So forget about Bitcoin and blockchains for a moment. Why should private banks and credit card companies get to control payment systems and generate tolls rents fees from them, while central banks provide cash management services and real-time gross settlement for banks nearly free?*

Time for a digital government mint - "E-cash for the people: Phase out cash, phase in official digital money"
Two profound changes are under way in our attitudes towards money, both of which could in short order transform how most of us deal with the banking system, and indeed how the system itself works. The first trend is a growing preference for electronic means of payment over cash. The other is the growing push for central banks themselves to issue electronic money for use by individuals...

Wrapping one’s head around the difference between official versus private money is a lot harder than understanding the distinction between physical and electronic money — but it is also essential for making informed judgments about financial and monetary policy (we have previously explained why). Well done, therefore, to Positive Money, which has just published a report arguing how and why official digital currency should be introduced in the UK. The thoughtful and thorough report qualifies as essential reading.

The general idea is for the Bank of England (or other central banks; the ideas are general) to offer deposit accounts directly to the public, or alternatively, for private banks to offer accounts fully backed by central bank reserves. The authors go through the mechanics of how this would work, and address the main objections. We only discuss the most important of these here (but do read the whole report), which is that the system may work too well.

Too well, that is, in that people would convert a very large share of their current bank deposits into official digital money, in effect taking them out of the private banking system. Why might this be a problem? [P]eople may prefer the safety of central bank accounts even in normal times. That would destroy private banks’ current deposit-funded model. Is that a bad thing? They would still have a role as direct intermediators between savers and borrowers, by offering investment products sufficiently attractive for people to get out of the safety of e-cash. Meanwhile, the broad money supply would be more directly under the control of the central bank, whereas now it’s a product of the vagaries of private lending decisions. The more of the broad money supply that was in the form of official digital cash, the easier it would be, for example, for the central bank to use tools such as negative interest rates or helicopter drops. Both could be indispensable in the years ahead.
Fedcoin—how banks can survive blockchains (via)
If the Fedcoin took off, it would appear to be the death knell for credit card providers and deposit-taking institutions. Banks would have two options to avoid economic obsolescence. The first would be to transition toward a pure investment banking strategy, financed entirely via equity and long-term debt raised from savers aware of the risk they were taking. Indeed, this is the model favoured by neo-classical economists harking back to the ideas of Irving Fisher.

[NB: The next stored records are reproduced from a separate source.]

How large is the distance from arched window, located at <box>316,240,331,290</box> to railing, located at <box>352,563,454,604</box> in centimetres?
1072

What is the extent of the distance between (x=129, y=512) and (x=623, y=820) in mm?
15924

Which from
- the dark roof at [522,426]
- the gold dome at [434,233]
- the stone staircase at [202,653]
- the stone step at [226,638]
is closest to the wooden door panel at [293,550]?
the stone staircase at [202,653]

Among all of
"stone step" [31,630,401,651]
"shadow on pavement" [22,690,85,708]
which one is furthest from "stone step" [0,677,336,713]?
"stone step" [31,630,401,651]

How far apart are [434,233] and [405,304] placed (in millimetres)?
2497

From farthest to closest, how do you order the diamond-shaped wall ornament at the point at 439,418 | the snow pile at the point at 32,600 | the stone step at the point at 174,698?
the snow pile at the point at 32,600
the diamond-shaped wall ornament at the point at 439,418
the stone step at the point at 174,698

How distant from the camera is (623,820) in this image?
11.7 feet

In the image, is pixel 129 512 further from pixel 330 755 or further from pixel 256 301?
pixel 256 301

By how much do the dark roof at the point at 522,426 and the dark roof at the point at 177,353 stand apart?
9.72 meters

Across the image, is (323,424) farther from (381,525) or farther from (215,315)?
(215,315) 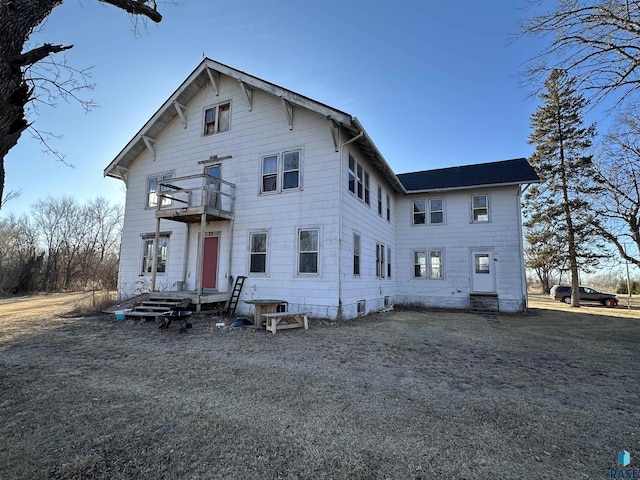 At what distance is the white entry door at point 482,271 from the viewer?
575 inches

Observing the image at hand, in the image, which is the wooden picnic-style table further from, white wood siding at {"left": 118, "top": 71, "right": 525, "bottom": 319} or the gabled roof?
the gabled roof

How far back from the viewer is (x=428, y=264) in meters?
15.9

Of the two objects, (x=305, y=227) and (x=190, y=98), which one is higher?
(x=190, y=98)

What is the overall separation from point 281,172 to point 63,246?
2945 cm

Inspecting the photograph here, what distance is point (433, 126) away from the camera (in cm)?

A second option would be to attract Fedcoin deposits by providing services such as verification for know-your-customer and anti-money-laundering rules or secure digital wallets or even just the most user-friendly apps. Banks could compete for Fedcoin deposits by issuing their own blockchains, at par with Fedcoin. Deutsche Bank,[1,2] for example, could issue dbCoin, which customers use to settle transactions with any counterparty, much like a digital chequebook. Banks would guarantee convertibility of their digital currencies into Fedcoin, and central banks offer clearing and settlement facilities.

This brings us full circle back to today’s system, but with a couple of important exceptions. For starters, the difference between the monetary base and bank-created, branded money would be considerably clearer. More important, perhaps, the technological obsolescence of deposit-taking institutions engenders greater economic competitiveness. The banking sector would no longer be rewarded for processing payments or managing current accounts. It would have to compete for deposits by offering better services and ultimately greater responsibility for the money it creates.
Are Banks Destined To Become The Next “Dumb Pipes”? (via)
The telcos hate the term “dumb pipes” — and for good reason. They are being relegated to the common conduits through which meaningful communications and commerce take place. But telcos won’t go away overnight because there’s still a lot of value in the physical network infrastructure and cell towers they built through decades of investment.

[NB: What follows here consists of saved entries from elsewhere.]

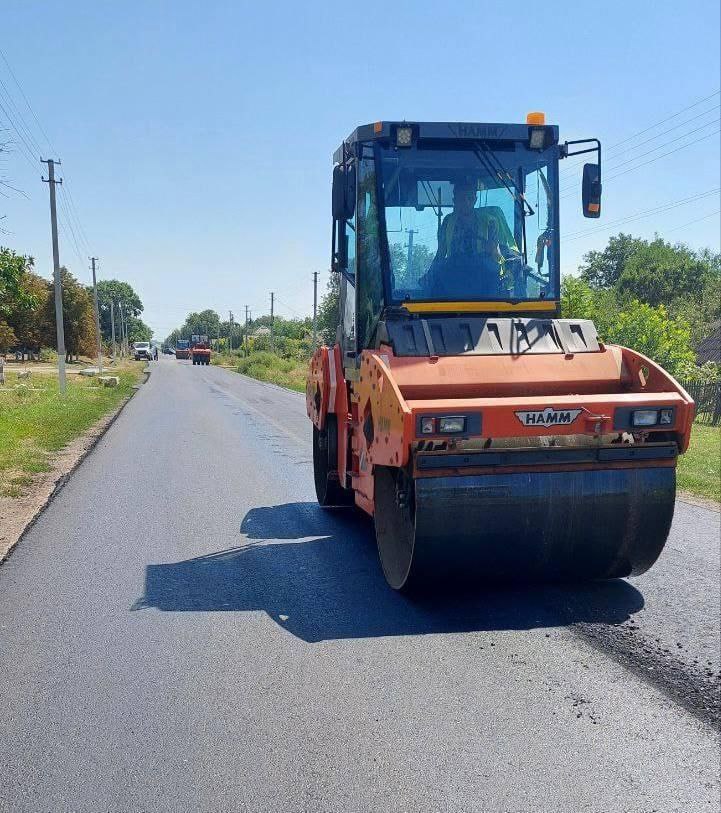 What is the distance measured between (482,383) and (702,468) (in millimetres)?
7586

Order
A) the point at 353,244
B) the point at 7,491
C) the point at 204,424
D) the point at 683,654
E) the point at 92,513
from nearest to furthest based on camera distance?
the point at 683,654 → the point at 353,244 → the point at 92,513 → the point at 7,491 → the point at 204,424

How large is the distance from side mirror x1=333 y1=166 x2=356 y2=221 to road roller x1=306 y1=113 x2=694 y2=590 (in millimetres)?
15

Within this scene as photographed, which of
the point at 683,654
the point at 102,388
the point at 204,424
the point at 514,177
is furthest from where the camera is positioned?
the point at 102,388

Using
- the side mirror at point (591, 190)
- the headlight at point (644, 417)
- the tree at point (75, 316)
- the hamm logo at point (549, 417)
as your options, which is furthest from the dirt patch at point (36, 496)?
the tree at point (75, 316)

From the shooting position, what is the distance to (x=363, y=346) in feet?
20.6

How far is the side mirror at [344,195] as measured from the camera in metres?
5.99

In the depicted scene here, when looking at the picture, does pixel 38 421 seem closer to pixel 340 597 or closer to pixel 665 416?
pixel 340 597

Similarly, “unbundled” banks won’t go away overnight; there’s still a lot of value in the intra-bank money transfer networks and the depository role that banks are uniquely allowed to play in the U.S. economy. However, over time, traditional banks that fail to dramatically reinvent themselves for modern consumers will find themselves playing the role of a simple inbox for depository funds and pipes that move the money to other financial services providers who will increasingly influence consumers’ financial lives.
Fiatcoin, redefining Banks and Banking (via)
What of cross border transactions? Would various central banks use the same consensus technology stack with same or similar features (consensus algorithm, network topology, monetary policy scripting) thereby ensuring optimal interoperability? Would central banks introduce a tiered approach with a shared metafiatcoin only available and transacted amongst themselves (hello IMF and SDRs) linked to country or country unions' specific fiatcoins (fedcoin, eurocoin...)

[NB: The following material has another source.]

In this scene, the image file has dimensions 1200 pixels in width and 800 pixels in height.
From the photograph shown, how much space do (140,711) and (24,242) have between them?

Until fiatcoin would be made available to the public - and I am also convinced this will happen sooner than we think - how would financial institutions intermediate between fiatcoin and physical currencies (physical or digital cash)?
also btw...
-The Digitization of Finance[1,2,3]
-The Future of Money
-Digital money, negative rates as Gosplan 2.0
-RTGS, and the story of batches instead of blocks
-RTGS, and the story of collateralised risk instead of credit risk
-Fintech: Search for a super-algo[1,2]
-Fintech paradoxes, blacklist edition[*]
-Scaling, and why unicorns can't survive without it
-On unicorn imperialism
-On the hypothetical eventuality of no more free internet
-The Rise of the Platform Economy
-Putting powerful platforms under cooperative control: "People gathered to talk about the problems of an online economy reliant on monopoly, extraction, and surveillance—and discuss how to build a cooperative Internet, built of platforms owned and governed by the people who rely on them." (This house proposes that we nationalise Uber)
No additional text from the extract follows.